In other words, what other people casually called "talent."
"Unfortunately..." Yubi thought, his eyes narrowing slightly. "In Sunagakure, the only person who can truly be called an outstanding medical ninja is Granny Chiyo. And even she doesn't have a deep enough foundation in medical ninjutsu. The collection of techniques in the village is too thin. Even if I keep advancing as a medical ninja here, the environment itself will limit how far I can go."
That was Sunagakure's problem.
But fortunately, he had the system.
He did not need to worry too much about his future path.
Medical ninjutsu could also be redeemed in the shop.
"That should cover the basics for now," Nomura said after more than an hour of winding through the canyon. "I'll assign your daily patrol routes later. For the first half of the month, we'll personally guide you. After that, you'll be on your own."
"Yes," the three of them answered together.
By the time they returned to the cave, the sky had gone completely dark.
The sandstorm in the canyon had weakened somewhat, but the air still carried that dry, biting chill unique to the desert night.
The moment they stepped inside, one of the Chunin frowned and said in a low voice, "He's overdue. Shimada still hasn't come back."
Nomura's expression hardened at once.
"Something's wrong," he said. "We didn't run into him on the way back."
"I'll go check," another Chunin said immediately.
"Be careful," Nomura warned. "If anything happens, your first priority is to relay intelligence."
"Understood."
The man vanished the moment he finished speaking.
Watching him leave, Yubi and the others could not help growing tense as well.
Their very first day, and it already looked as if something was about to happen.
"Endo, stay here and look after them," Nomura ordered the last Chunin remaining in the cave. "I'll report to the nearby squad bases."
He did not waste another breath. After giving the instruction, he disappeared into the night as well.
This was not the front line, but Sunagakure had laid out a dense reconnaissance network all along the border. Even the slightest disturbance could ripple through the entire system and trigger a rapid response.
Inside the cave, only two people remained besides the younger trio.
One was the injured Chunin Yubi had treated earlier, who still could not move properly.
The other was a Chunin named Endo.
Endo was the sort of man whose face made his personality obvious. There was something mean-spirited in the way he smiled, something that suggested he took pleasure in other people's discomfort.
He looked at the two pale-faced academy graduates beside Yubi and curled his lips upward.
"Heh. Kids, are you ready for a real fight?"
"Without being tempered by blood, you can never become a qualified ninja."
The moment he said it, the two genin next to Yubi turned even whiter.

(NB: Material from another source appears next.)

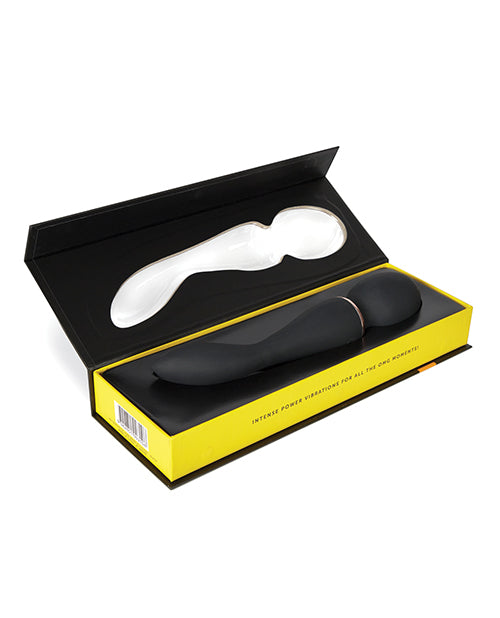 Powerful wand vibrator with 10 vibration patterns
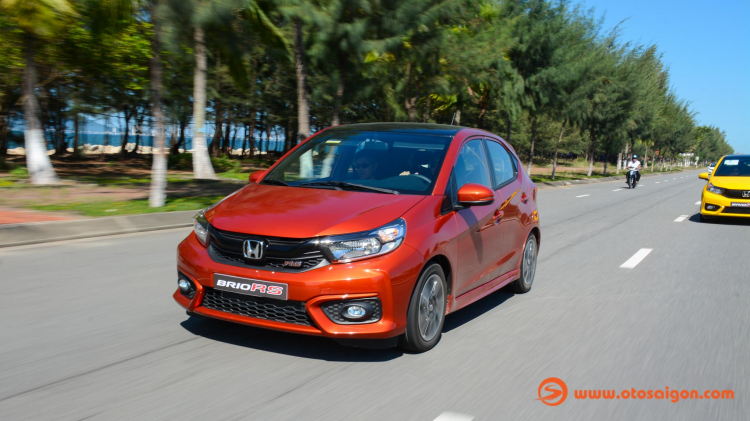 Lái thử và đánh giá Honda Brio: Thiết kế năng động trẻ trung, cảm giác lái hay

Their fear was plain to see.
Yubi, however, remained calm.
He had already prepared himself mentally for this kind of situation. Ever since deciding to walk the path of a medical ninja, he had known that the battlefield would eventually open its jaws in front of him.
At that exact moment, Sasori moved.
The boy who had been sitting cross-legged near the cave entrance silently packed several puppet components back into his scroll. Then he rose to his feet without a word.
His expression did not change.
Whoosh.
In the blink of an eye, he was gone from the cave.
No one knew where he had gone.
Yubi stared toward the entrance, eyes narrowing slightly.
Something really was about to happen.